++++ Working data

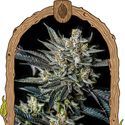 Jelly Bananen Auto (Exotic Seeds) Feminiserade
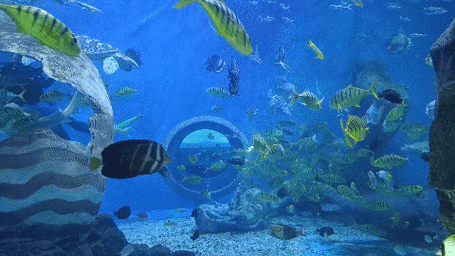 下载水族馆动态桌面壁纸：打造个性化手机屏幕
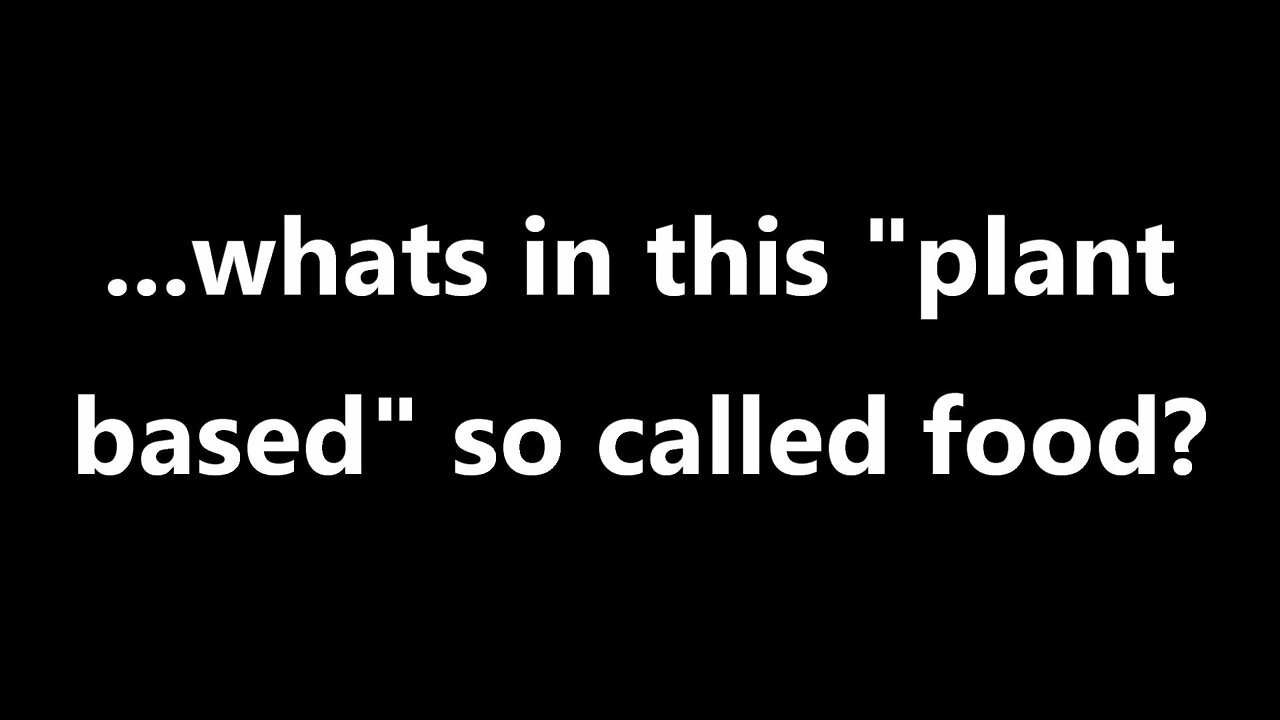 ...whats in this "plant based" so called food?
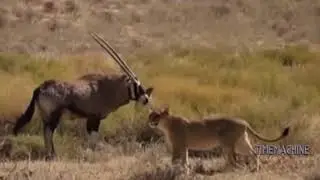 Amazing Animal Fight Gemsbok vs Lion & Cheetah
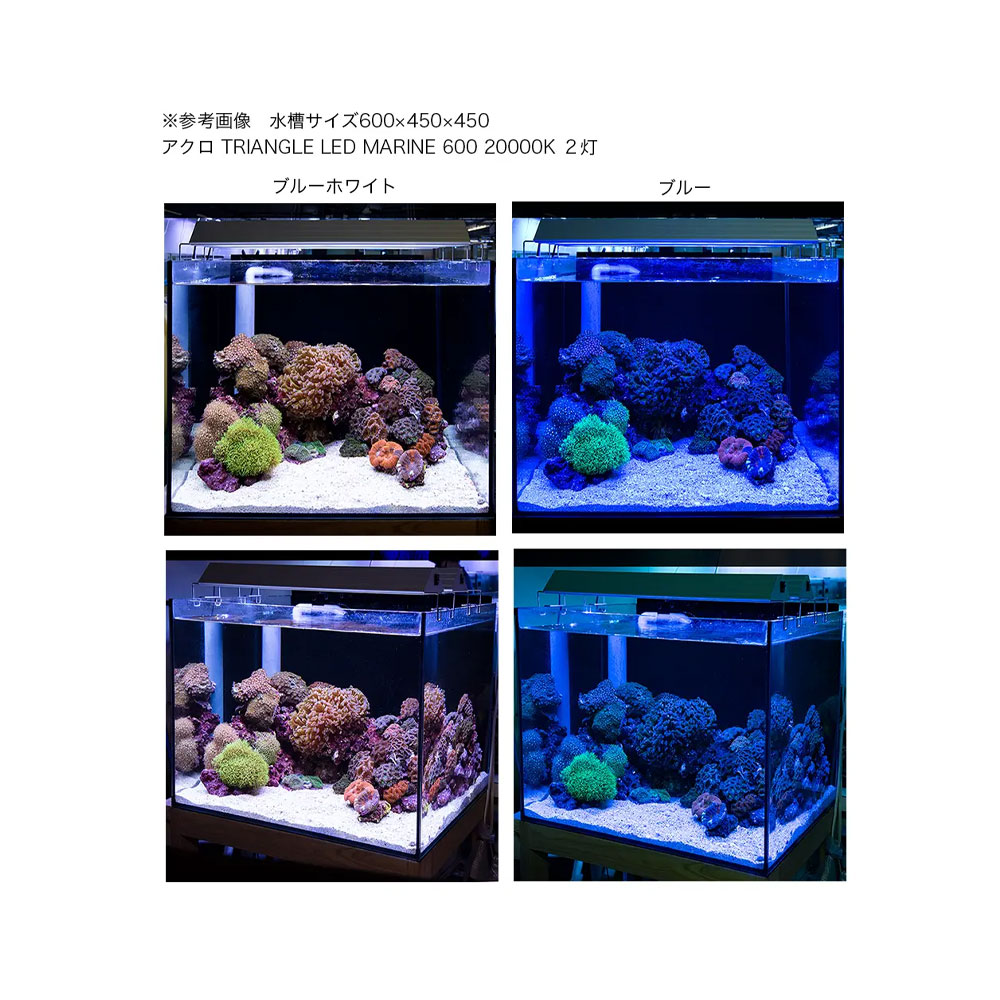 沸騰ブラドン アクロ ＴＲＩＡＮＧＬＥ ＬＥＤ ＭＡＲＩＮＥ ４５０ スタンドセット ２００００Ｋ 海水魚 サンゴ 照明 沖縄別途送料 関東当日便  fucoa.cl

++++++++

Begin the copy at the line containing "下载水族馆动态桌面壁纸：打造个性化手机屏幕" and end it at the last line of the records; transcribe exactly and exclude pictures.

- _Written solution_:
 下载水族馆动态桌面壁纸：打造个性化手机屏幕
 ...whats in this "plant based" so called food?
 Amazing Animal Fight Gemsbok vs Lion & Cheetah
 沸騰ブラドン アクロ ＴＲＩＡＮＧＬＥ ＬＥＤ ＭＡＲＩＮＥ ４５０ スタンドセット ２００００Ｋ 海水魚 サンゴ 照明 沖縄別途送料 関東当日便  fucoa.cl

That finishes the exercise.